When I first saw this story, I assumed the girl had surprised teachers and faculty with some new exotic color of her hair. It bothered me that she simply looked like a redhead, not some impossible purple- or green-headed mutation.
Is red hair distracting?
But it turns out that she has attended school with this same hair color for years! The Huffington Post reports,
Hayleigh Black was all ready to start the new school year in her homeroom class last week. But before she could even get there, the 16-year-old high school student was told to go home – all because of her “distracting” hair color.
According to WAFF-TV, school officials at Muscle Shoals High School in Alabama told Black, whose hair is dyed red, that she wouldn’t be able to attend classes unless her hair was of a more “natural” shade.
But Black says she was baffled by the sudden censure, since her hair has been the same shade of red for three years and no one has said anything about it until now.
Here is what seems to have happened. Someone sent two other girls away because they had some truly unnatural shade of hair color. (I’m not saying this was a good idea. It is just what happened.) So, once they had done that, since the school rule didn’t say anything about a natural shade, only a “distractive color,” they realized the other students might complain about inconsistency in how the rule was applied. So, for the first time, they realized Black’s hair was “a problem.” Rather than defend the decision to only worry about other shades, they decided they would rather defend a sudden change of policy toward Black. (Perhaps someone at the school believes that global warming now makes red hair unnatural.)

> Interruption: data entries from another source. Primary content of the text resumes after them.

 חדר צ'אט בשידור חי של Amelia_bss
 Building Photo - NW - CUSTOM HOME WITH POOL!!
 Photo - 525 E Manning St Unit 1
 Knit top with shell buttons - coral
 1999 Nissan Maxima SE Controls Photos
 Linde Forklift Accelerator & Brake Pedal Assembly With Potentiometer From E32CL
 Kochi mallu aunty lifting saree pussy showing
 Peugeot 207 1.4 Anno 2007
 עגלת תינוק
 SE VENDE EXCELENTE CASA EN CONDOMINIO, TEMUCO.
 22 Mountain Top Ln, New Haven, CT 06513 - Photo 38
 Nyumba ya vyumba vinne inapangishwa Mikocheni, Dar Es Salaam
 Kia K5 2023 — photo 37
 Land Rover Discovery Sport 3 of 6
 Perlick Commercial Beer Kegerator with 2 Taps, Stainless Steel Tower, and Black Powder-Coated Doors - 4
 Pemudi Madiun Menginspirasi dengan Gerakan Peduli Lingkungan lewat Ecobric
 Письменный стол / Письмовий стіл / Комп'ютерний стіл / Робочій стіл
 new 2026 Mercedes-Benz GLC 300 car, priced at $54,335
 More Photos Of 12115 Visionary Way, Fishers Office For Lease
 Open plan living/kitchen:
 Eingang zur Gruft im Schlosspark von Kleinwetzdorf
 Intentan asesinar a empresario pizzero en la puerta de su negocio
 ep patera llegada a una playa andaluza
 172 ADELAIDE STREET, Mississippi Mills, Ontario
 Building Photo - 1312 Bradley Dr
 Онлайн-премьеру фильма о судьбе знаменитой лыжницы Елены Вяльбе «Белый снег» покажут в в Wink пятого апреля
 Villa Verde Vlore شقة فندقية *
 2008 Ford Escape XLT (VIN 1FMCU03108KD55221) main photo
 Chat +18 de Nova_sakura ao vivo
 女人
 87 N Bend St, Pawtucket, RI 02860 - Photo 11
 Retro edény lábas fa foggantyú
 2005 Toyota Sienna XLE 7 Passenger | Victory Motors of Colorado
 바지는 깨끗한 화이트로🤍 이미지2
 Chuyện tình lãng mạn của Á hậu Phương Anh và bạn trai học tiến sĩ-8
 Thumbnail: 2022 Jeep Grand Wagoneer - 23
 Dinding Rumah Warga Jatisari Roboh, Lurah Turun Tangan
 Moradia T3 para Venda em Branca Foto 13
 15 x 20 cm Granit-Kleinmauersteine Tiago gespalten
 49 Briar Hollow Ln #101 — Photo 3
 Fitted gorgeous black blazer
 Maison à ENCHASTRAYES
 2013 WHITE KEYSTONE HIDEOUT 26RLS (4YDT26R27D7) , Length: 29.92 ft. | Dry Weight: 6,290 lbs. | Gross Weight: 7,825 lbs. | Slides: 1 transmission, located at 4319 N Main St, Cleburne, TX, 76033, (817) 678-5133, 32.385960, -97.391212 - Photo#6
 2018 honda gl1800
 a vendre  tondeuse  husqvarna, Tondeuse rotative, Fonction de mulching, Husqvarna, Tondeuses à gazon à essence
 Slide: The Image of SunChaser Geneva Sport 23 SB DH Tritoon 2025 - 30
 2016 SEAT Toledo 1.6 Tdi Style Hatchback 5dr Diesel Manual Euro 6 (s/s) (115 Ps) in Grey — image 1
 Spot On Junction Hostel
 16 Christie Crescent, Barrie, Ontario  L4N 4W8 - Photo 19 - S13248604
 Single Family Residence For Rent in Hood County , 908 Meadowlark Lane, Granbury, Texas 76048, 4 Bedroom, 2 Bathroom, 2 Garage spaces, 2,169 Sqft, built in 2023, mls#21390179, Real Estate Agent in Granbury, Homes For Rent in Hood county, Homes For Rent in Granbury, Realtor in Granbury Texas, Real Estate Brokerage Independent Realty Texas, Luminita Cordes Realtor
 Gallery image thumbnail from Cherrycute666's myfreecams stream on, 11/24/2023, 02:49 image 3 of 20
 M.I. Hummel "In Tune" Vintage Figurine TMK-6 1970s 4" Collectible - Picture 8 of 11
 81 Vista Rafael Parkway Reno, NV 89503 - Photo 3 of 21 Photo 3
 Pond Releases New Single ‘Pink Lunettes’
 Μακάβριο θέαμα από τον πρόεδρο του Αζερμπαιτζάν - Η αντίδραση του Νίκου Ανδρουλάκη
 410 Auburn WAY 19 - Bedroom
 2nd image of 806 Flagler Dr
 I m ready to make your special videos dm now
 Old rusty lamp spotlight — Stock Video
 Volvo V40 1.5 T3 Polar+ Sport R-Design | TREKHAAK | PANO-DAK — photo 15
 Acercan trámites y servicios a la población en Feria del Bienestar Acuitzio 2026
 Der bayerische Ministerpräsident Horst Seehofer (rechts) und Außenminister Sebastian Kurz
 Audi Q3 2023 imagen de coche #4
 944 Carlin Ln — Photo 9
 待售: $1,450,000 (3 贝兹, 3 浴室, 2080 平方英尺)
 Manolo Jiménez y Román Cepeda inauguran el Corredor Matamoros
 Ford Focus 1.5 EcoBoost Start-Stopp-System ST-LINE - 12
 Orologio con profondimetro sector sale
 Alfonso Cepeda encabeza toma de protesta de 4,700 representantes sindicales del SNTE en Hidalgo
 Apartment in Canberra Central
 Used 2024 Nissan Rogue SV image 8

I realize teachers want order and decorum in school, but this really seems over the top—virtually a female version of the kind of pressure that boys face for not being properly domestic. Girls like to dye their hair. Some like to have bright colors. Is it really self-evident that a good education means prohibiting the exercise of such a desire? Thanks to taxation that supports public schools, and the truancy laws and child labor laws, it is not as if the students have much choice but to attend. (Though, frankly, if you are considering homeschooling, this would be another reason to do it). So they are pressured to attend an institution that controls their hair color.
It might be appropriate to tell a child not to dye her hair. But shouldn’t that be a parent’s decision, rather than a public bureaucrat’s?